Avery Point’s own Professor Paul Hallwood has another book available: Maritime Piracy and its Control.

Paul Hallwood Book cover
Paul Hallwood’s new book Maritime Piracy and its Control

Book Description from Amazon website

December 23, 2014
Modern day maritime piracy is a world-wide phenomenon. Over the last ten years, about 3,000 pirate attacks, actual or attempted, have been reported, but with some recent decline due to the effort of naval task forces as well as a very large increase in the use of on-board armed guards. Somali pirates principally operate a capture-to-ransom model, with ransoms of up to $5.5 million per incident being collected. Elsewhere in the world robbery is the main motive. The overall economic cost of maritime piracy in 2012 was estimated at $6 billion.

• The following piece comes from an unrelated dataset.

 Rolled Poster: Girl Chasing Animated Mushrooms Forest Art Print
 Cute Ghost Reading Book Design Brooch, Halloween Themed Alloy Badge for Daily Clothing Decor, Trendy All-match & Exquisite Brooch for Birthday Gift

Maritime Piracy and its Control develops an economic approach to the problem of modern-day maritime piracy with the goal of assessing the effectiveness of remedies aimed at reducing the incidence of piracy. Miceli and Hallwood’s theoretical framework is based on a standard Becker-type model of law enforcement, extended to consider the effort level of pirates to locate and attack target vessels, and of shippers to invest in precautions to avoid contact. The model provides the basis for prescribing an optimal enforcement policy whose goal is to minimize the cost of piracy to international shipping. It also serves as a benchmark for evaluating actual enforcement efforts within the context of international law and concludes with several proposals aimed at improving enforcement.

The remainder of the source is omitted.